Sunday, June 08, 2008

Book Review: Scalia and Garner, “Making your case” (2008)

Following a suggestion from my online book retailer’s computer, I bought “Making Your Case: The Art of Persuading Judges” by Antonin Scalia and Bryan Garner.

Both authors know their own minds, have strong opinions, and expect to be obeyed. And rightly so, at least in the field covered by this short and highly readable book which is mainly directed at appellate proceedings. Its advice on persuasion is also useful to trial lawyers. The 115 points in numbered paragraphs cover general principles of argumentation, legal reasoning, preparation of the documents, and presentation of oral argument.

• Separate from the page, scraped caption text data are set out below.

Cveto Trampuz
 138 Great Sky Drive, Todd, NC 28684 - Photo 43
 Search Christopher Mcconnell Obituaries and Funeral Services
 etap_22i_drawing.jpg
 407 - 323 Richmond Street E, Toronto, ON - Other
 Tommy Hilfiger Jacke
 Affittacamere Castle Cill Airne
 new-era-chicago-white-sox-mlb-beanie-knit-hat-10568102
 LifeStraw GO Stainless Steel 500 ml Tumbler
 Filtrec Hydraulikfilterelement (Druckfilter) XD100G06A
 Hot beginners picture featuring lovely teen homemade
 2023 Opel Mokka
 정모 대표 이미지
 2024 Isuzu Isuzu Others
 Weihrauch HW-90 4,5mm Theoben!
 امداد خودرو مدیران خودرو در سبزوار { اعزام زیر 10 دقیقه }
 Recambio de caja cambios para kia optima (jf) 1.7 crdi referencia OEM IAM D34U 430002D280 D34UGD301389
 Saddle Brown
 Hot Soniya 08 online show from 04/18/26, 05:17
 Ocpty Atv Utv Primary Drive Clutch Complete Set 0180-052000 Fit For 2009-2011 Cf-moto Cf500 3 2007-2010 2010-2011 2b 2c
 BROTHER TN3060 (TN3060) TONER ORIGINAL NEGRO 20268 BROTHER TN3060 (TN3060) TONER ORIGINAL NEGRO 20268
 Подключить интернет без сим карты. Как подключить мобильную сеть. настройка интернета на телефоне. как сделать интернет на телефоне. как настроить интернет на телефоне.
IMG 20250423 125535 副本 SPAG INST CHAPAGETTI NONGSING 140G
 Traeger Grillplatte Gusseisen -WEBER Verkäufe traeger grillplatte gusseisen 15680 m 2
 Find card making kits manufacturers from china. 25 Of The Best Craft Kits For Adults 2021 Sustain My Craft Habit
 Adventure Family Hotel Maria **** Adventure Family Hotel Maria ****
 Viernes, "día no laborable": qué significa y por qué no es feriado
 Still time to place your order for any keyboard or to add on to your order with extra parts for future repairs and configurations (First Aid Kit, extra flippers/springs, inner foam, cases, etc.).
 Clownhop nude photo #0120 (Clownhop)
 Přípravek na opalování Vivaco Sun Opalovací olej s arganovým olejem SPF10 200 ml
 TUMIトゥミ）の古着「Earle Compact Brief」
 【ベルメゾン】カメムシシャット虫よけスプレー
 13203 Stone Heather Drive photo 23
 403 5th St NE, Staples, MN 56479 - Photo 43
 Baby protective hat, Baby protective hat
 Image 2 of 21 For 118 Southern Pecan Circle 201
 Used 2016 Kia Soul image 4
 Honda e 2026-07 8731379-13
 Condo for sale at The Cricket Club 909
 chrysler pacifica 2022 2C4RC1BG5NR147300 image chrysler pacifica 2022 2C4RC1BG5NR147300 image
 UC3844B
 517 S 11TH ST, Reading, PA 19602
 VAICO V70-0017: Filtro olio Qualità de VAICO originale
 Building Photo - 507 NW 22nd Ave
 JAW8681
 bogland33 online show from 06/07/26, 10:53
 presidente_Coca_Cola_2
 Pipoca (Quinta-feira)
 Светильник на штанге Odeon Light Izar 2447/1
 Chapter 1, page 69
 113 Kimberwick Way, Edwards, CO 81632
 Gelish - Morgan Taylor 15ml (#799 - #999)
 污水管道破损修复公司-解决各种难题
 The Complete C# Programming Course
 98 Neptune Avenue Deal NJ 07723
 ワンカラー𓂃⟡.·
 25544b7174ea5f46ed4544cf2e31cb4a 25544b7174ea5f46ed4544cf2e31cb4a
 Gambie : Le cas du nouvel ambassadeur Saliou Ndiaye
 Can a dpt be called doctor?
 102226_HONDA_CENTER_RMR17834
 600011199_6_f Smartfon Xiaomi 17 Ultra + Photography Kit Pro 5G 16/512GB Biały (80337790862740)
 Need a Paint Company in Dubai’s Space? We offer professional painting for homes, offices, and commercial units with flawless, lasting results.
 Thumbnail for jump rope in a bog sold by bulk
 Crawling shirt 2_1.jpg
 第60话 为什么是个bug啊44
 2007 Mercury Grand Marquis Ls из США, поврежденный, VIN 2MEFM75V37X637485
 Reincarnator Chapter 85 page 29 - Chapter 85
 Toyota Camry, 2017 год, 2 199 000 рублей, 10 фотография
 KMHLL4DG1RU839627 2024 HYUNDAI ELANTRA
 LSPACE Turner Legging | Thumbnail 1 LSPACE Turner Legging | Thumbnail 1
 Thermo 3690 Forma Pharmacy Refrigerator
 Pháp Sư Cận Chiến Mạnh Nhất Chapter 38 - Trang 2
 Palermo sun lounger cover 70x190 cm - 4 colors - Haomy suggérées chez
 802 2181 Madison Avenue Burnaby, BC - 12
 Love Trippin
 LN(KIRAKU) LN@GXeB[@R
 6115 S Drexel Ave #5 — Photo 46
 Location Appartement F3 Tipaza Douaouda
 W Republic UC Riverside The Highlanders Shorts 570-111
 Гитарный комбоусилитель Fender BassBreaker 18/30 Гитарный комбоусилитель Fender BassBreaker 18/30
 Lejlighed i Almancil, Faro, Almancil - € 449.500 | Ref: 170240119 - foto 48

On a few points the authors make no secret of their disagreement with each other. Here they are like Sumo wrestling Denny Cranes. Garner is OK with contractions (you can write can’t instead of cannot) but Scalia isn’t. Garner thinks that “he” can never mean “he or she”, whereas Scalia thinks it can. Garner thinks that footnotes should contain only a bare minimum of information, whereas Scalia wouldn’t go that far but would agree that they shouldn’t contain new arguments. Garner thinks citations should be relegated to footnotes, whereas Scalia prefers not to change established practice (although he would support avoiding breaking up with citations sentences that could be rewritten to place those citations at their ends).

Learning to write and speak correctly is important. There is a correct way to write. Grammar does matter. Words have precise meanings. (Despite current trends in usage, “begging” the question does not mean “raising” the question or “ignoring” the question, it means circular reasoning – assuming as true the very thing in dispute.) What you read will affect how you write, so read well. Throughout this book there are inset quotations, and the relevant one here (para 29) is from the Rt Hon Lord Birkett, “Cultivate the love of words …”.

Emotional restraint is essential: judges heartily dislike antagonism (para 19). Sound advice for advocates, but apparently not applicable to the current judges of the Supreme Court of the United States (including Scalia himself) whose occasional petulant cat-fighting at least helps to keep readers amused.

Every barrister would find this book useful. And no, you can't borrow my copy.